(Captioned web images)
+ + +
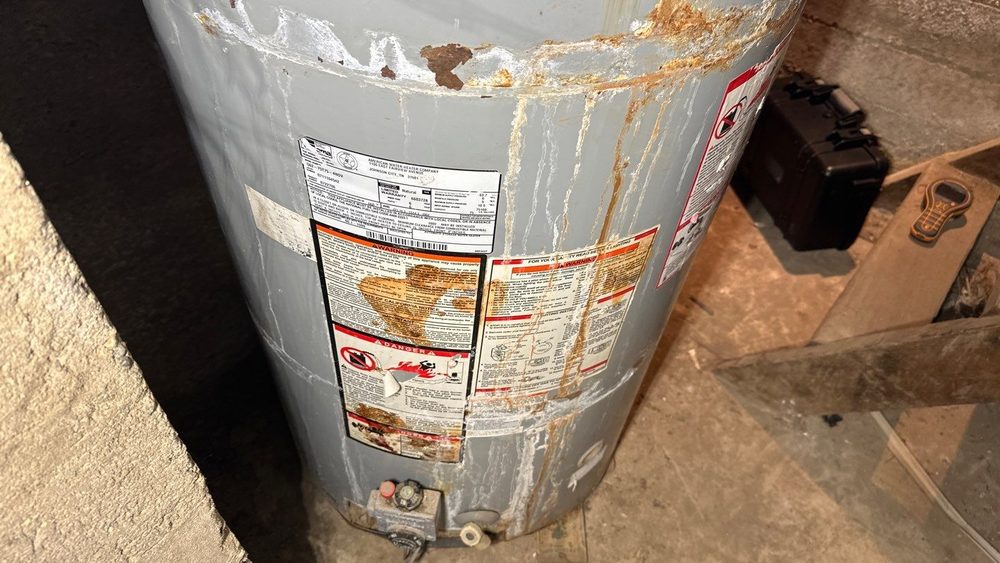 The Mold Inspection Canary  - mold inspector in Santa Monica, CA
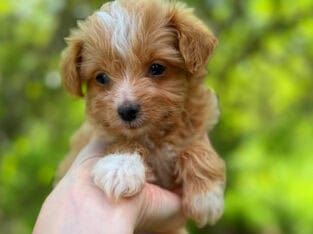 Male Yorkiepoo apricot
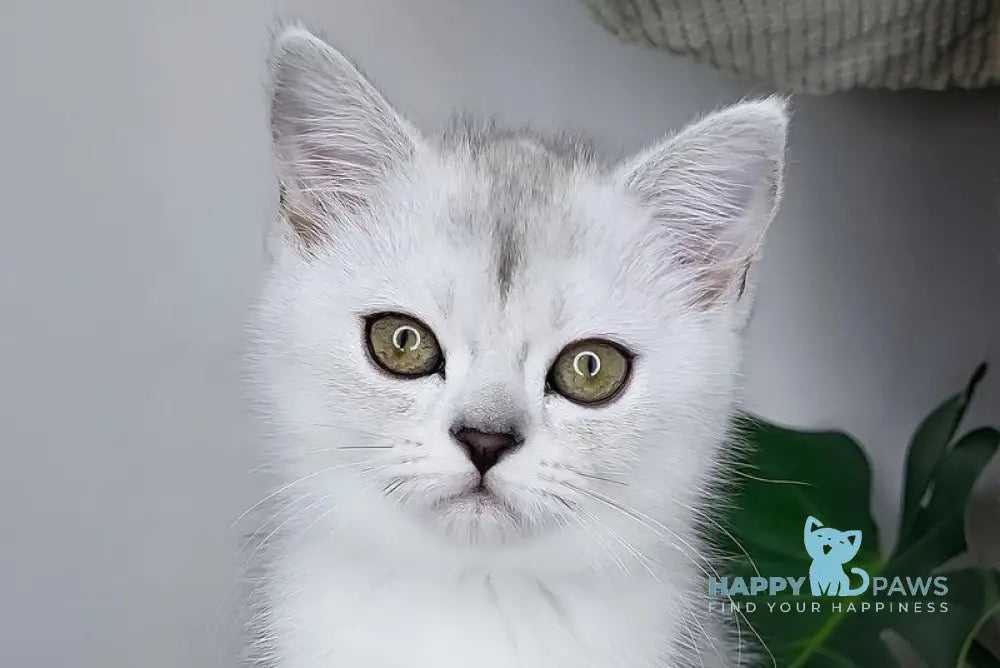 Whitney Queen Scottish Straight female black silver shaded live animals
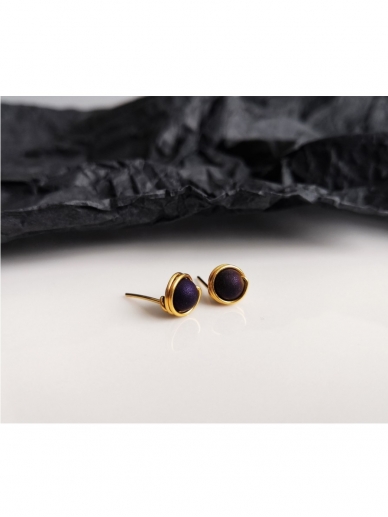 Erni Design earrings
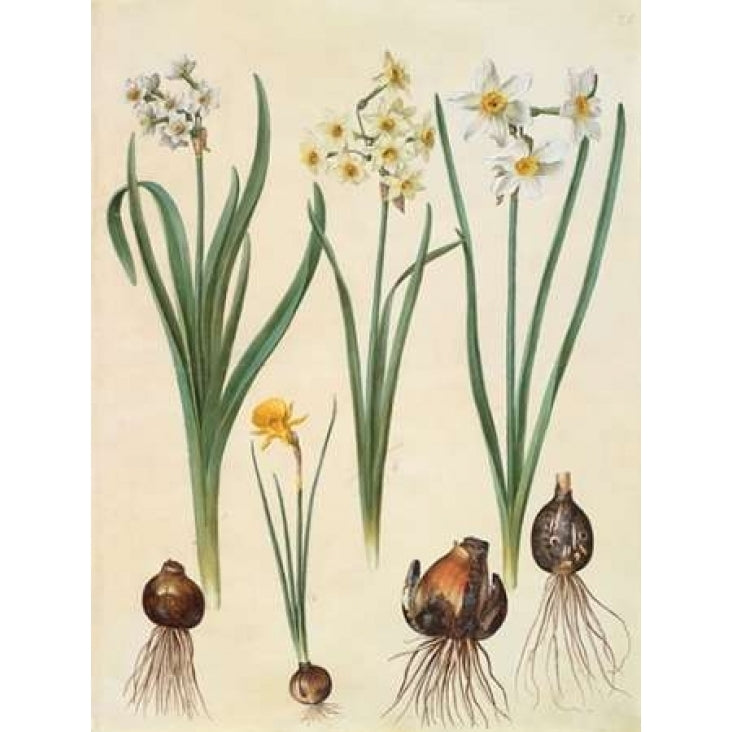 Narcissus Poster Print by Johannes S. Holtzbecher-VARPDX3AA2227 Image 1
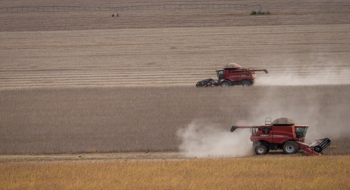 Em Goiás, VBP da Agropecuária deve ser de R$ 95,8 bilhões em 2021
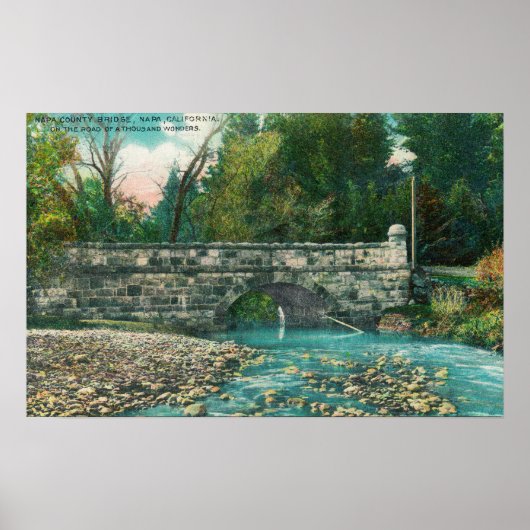 ナパカウンティブリッジナパのビュー， CA ポスター (正面)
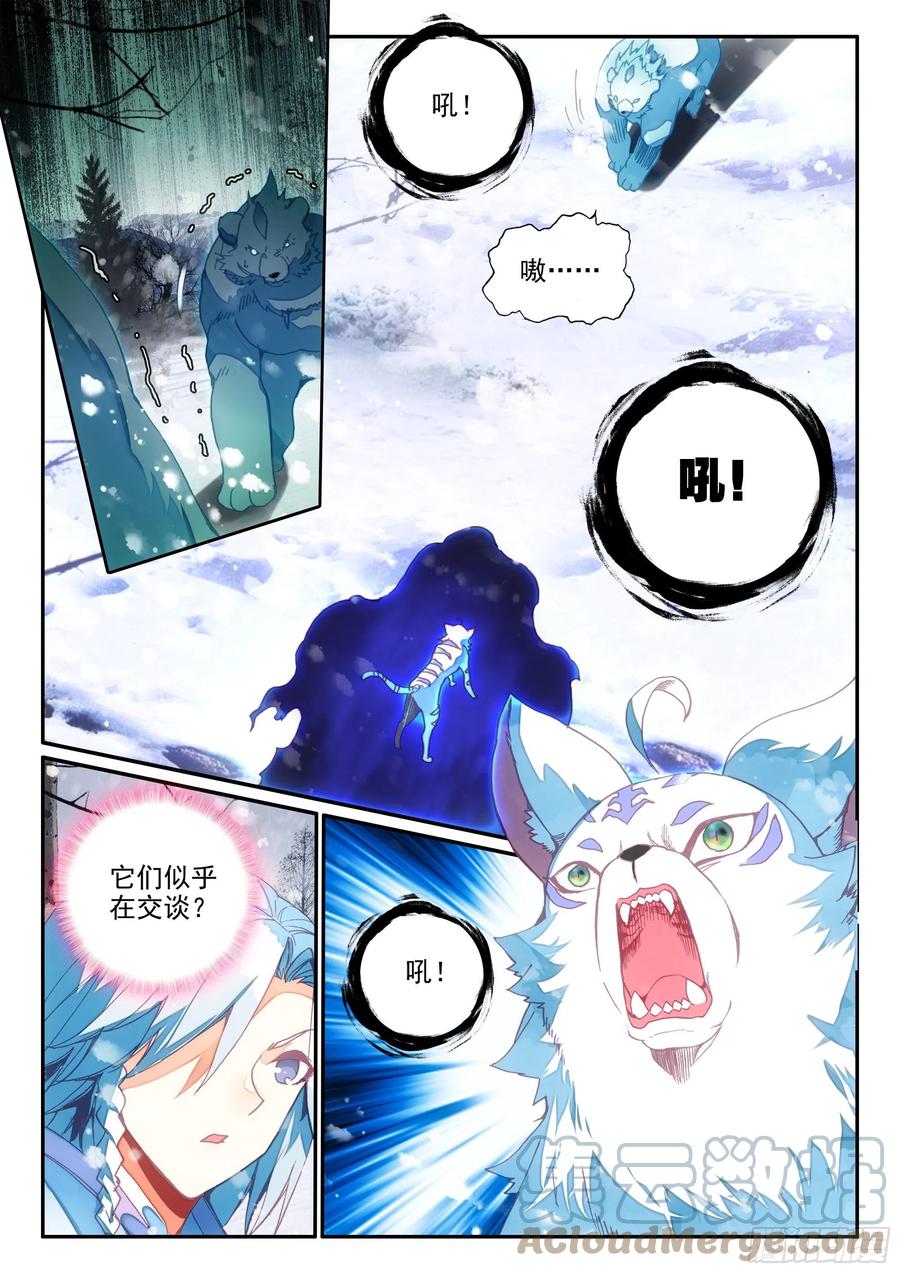 61 大肥猫14
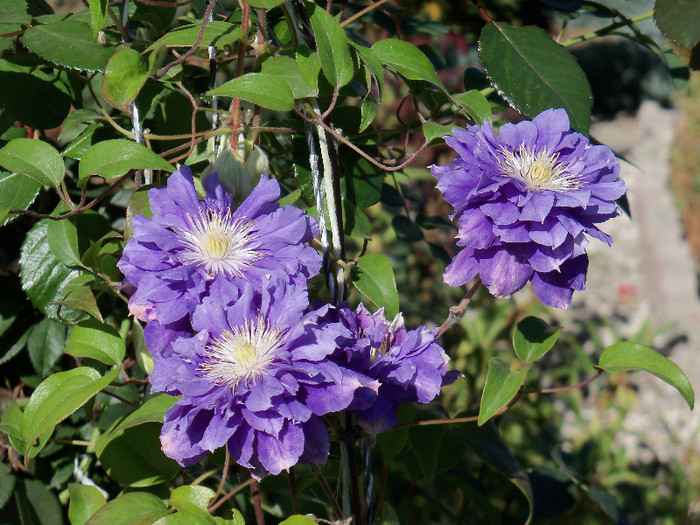 Kiri Te Kanawa - CLEMATIS 2012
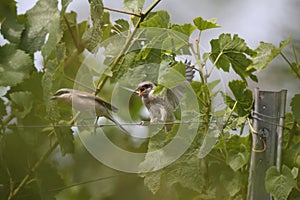 red-backed shrike (Lanius collurio), male, Germany, Baden-Wuerttemberg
+ + +
*Brief*. Quote exactly, and only, the lines from the one containing "Narcissus Poster Print" through the last line of the records above, both included; leave out any pictures.

*Written solution*.
 Narcissus Poster Print by Johannes S. Holtzbecher-VARPDX3AA2227 Image 1
 Em Goiás, VBP da Agropecuária deve ser de R$ 95,8 bilhões em 2021
 ナパカウンティブリッジナパのビュー， CA ポスター (正面)
 61 大肥猫14
 Kiri Te Kanawa - CLEMATIS 2012
 red-backed shrike (Lanius collurio), male, Germany, Baden-Wuerttemberg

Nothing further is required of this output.